Manor Mills Maynooth

Maynooth or Maigh Nuad (the plain of Nuada) is named after a mythological figure in Irish history. The medieval village was developed in the eighteenth century as an estate village by the FitzGeralds who became earls of Kildare and dukes of Leinster. The first FitzGerald, Maurice, was an Anglo-Norman knight who was granted the district surrounding Maynooth in 1176. The stone keep of Maynooth Castle, possibly dating from the late twelfth century, may have been erected on a previous defensive site. This was an ideal location for a fortified castle as it was bounded on the north by the Lyreen stream, a contributory of the Rye Water and on the south and east by a small tributary.

In 1328 the site was described as containing a ‘stone castle, hall with kitchen, thatch covered hall, bake-house, vault in a newly built garden, grange [barn or farm], cow byre, stable, turret, ditch, garden gate, haggard gate, dovecot [and] mills’. This is the first recorded listing of the existence of mills on the site which is now occupied by Manor Mills Shopping Centre. A bridge over the Lyreen connected the castle complex with the mills area. An old tradition asserts that the back wall of the manorial mill was the front wall of the castle mill. The castle was captured in a siege in 1535. Lord Deputies lived there afterwards and the earl of Kildare returned in the 1550s. Having being renovated and enlarged by Richard Boyle, 1st earl of Cork, father-in-law to George the 16th earl of Kildare, the castle was damaged again in the wars of the 1640s. It appears that the earl left soon afterwards and the castle fell into ruins. The family did not return to Maynooth again for c.100 years.

By the mid-seventeenth century there were two mills on the site (one in disrepair) and over the years buildings were developed on each side of the mill race which was drawn from the Lyreen. These included kilns, offices, stores and stables. Sluices were also added. By the mid-nineteenth century however, time had taken its toll and only one flour mill was in use. The property was still in the hands of the duke of Leinster whose family on their return to Maynooth had set up residence in Carton House at the eastern end of the town.

Some time later a Mr Edward Kavanagh took over the running of Manor Mills. His family was already well-known in the milling and corn trade in Dublin. The man who founded his mill beside the ivy-covered castle ruin saw it firmly established. An interesting link with the early days is the old mill wheel. Built c.1850 by Thomas Smith millwright of Celbridge, it was installed in the mill race, and continued to power the grinding mill until well into the twentieth century.

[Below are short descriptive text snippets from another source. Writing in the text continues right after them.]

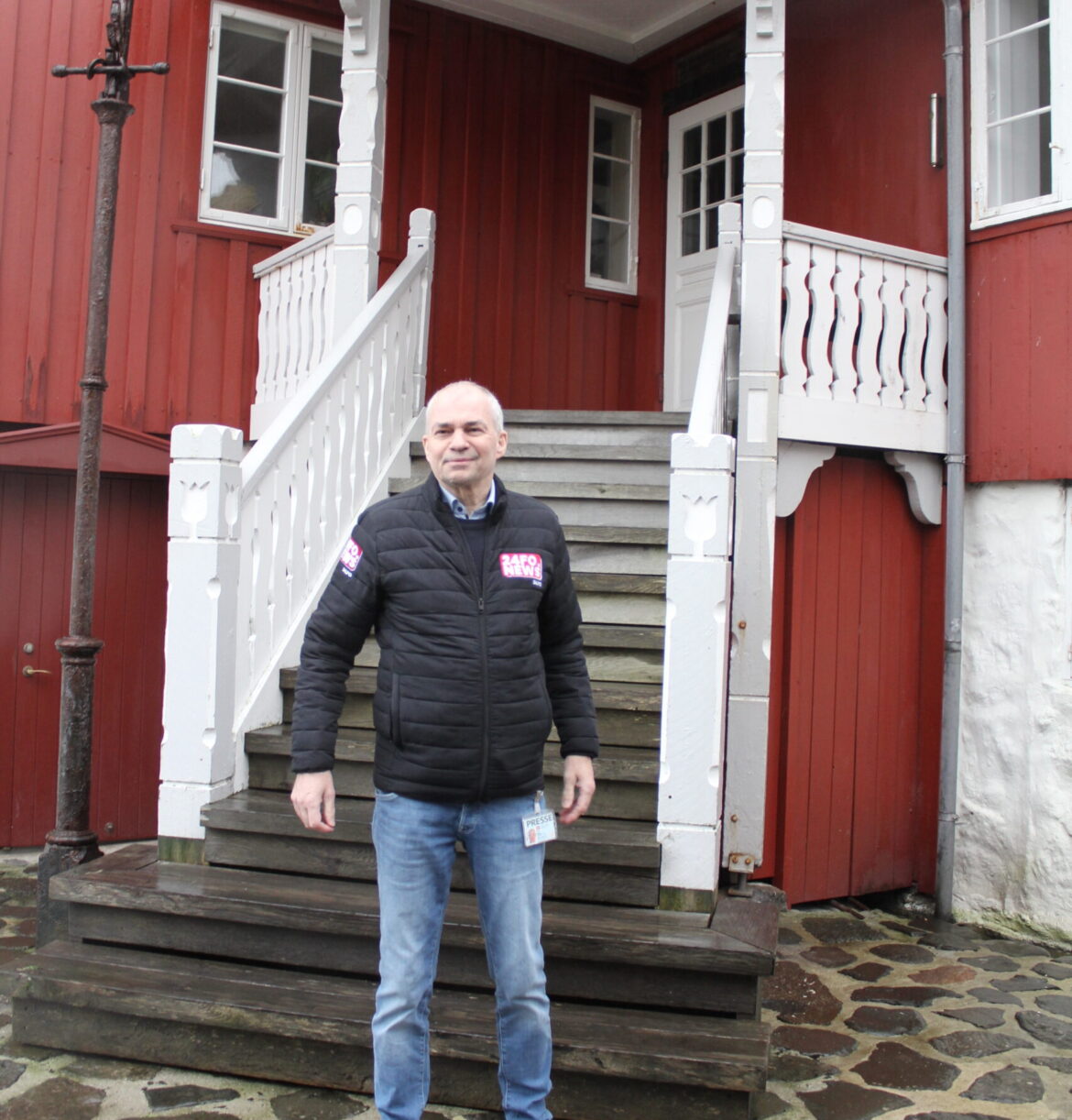 Tørvur er á einum sterkum Tilfeingisráði – ikki einum stórum og stirvnum Vinnumálaráði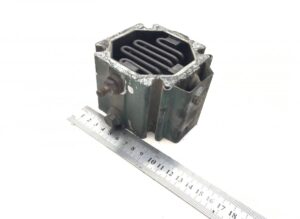 Unitate de preîncălzire pentru volvo 20758403 - model 11 1 Unitate de preîncălzire pentru volvo 20758403 – model 11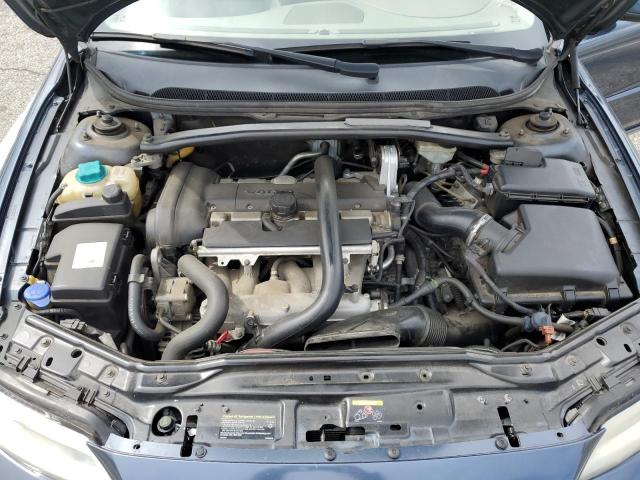 Photo 11 from auction – 2007 VOLVO V70 2.5T with VIN YV1SW592X71655872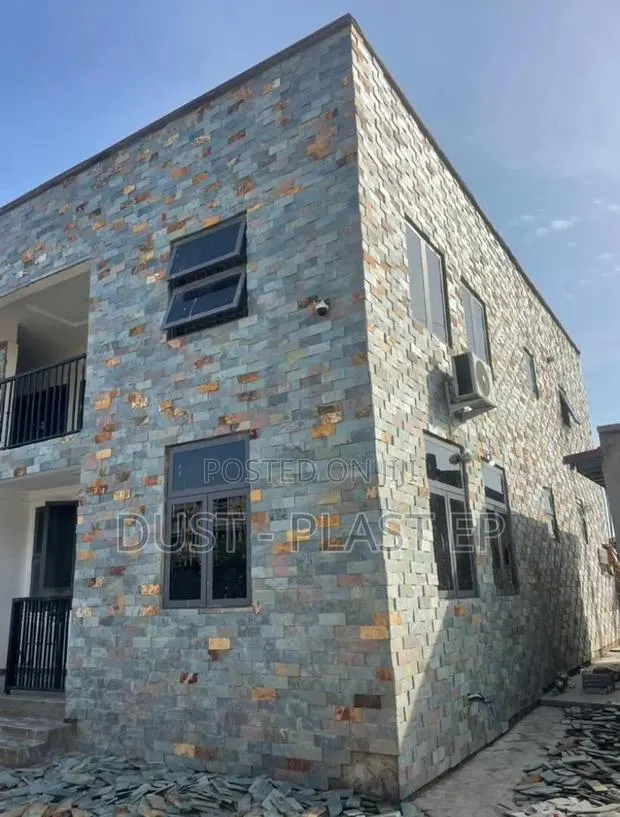 Stone Constructions · Photo 1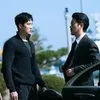 Drama Korea tentang Gangster yang Harus Kabur dari Serangan Musuh demi Bertahan Hidup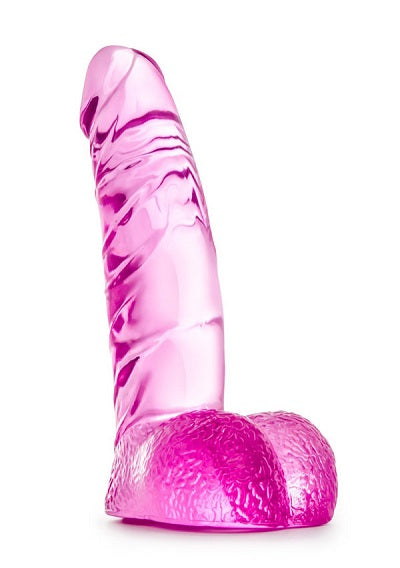 Blush Naturally Yours Pink Ding Dong - XOXTOYS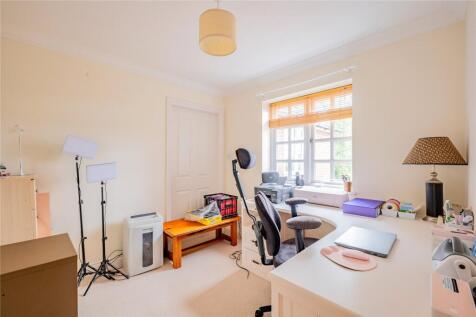 Bedroom Five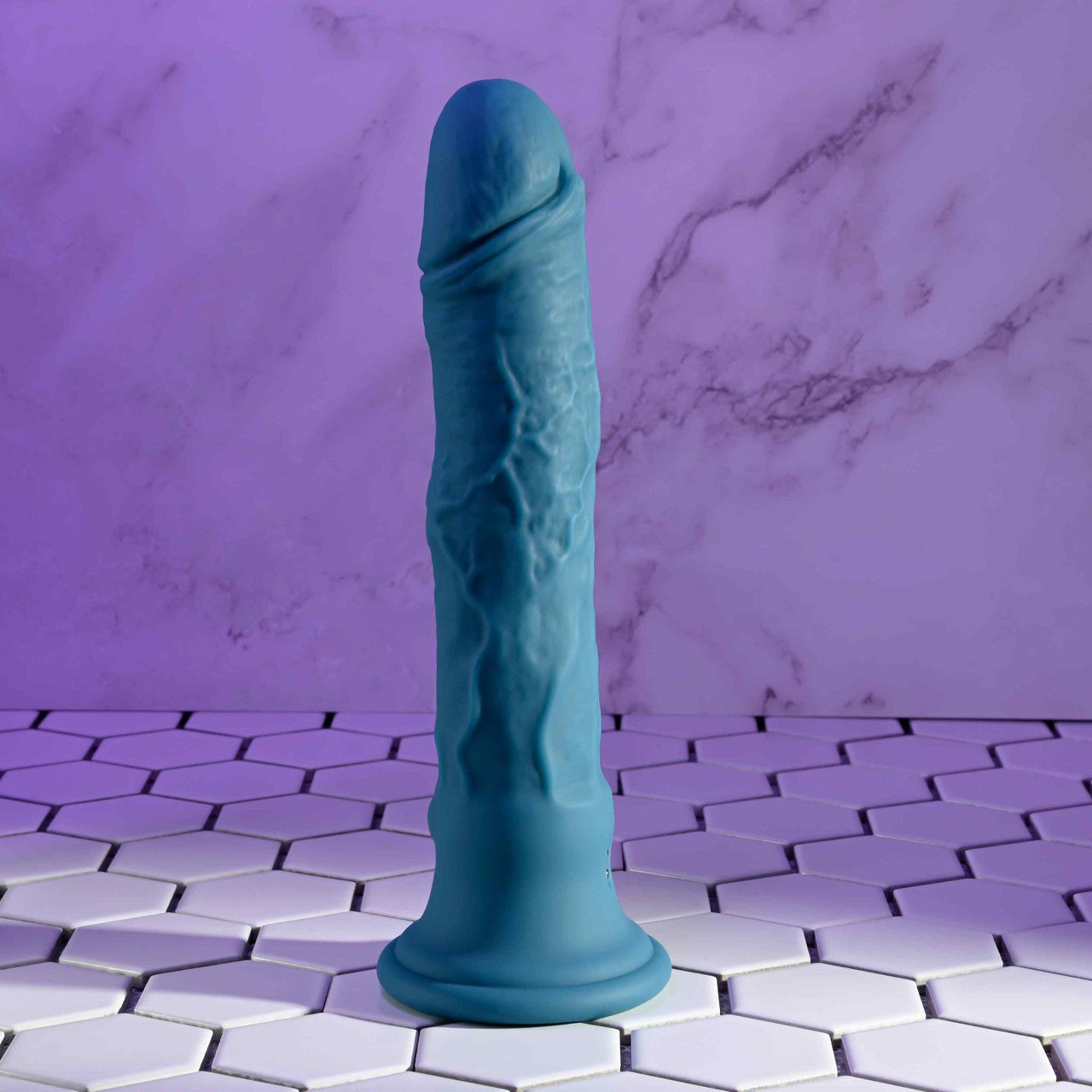 Evolved Tsunami Dildo with remote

During the milling season it was a common sight throughout Ireland to see lines of donkeys and carts loaded with sacks of grain making their way to and queuing patiently outside the local mill. In this way it was also a social event, giving the men time to chat and exchange gossip and in some cases even time to visit the local hostelry. Over time, tractors with trailers and then trucks replaced the old carts. When the property changed hands the mill wheel remained on the site.

While the diameter of a mill wheel was important; it was the volume of flow of the water which provided the mill with its working power. While some wheels were powered by water from above, others were powered by water from below. The most powerful wheels (the ones with the highest horse power) were the ones with the greatest breadth of bucket, combined with diameter and fall of water.

How do you work out the horse power of a working mill wheel? During the mid-nineteenth century when government surveyors visited every mill owner in the country – all 2,600 of them – they were given instructions. ‘When a bucket-wheel has been properly constructed, the cubical content of water discharged per minute multiplied by .001325 and by the fall, will give the effective horse power’. In addition a mill’s grinding capacity also depended on the number and size of the millstones with which it operated. And all this before the invention of the calculator!

Over time, the old mill wheel and grinding stones together with the donkeys and carts outlived their usefulness and were discarded in favour of more modern methods. And over time, what had once been FitzGerald’s Manor Mills in the thirteenth century gave way to Kavanagh’s Manor Mills in the nineteenth century which in turn gave way Manor Mills Shopping Centre in the twenty-first century.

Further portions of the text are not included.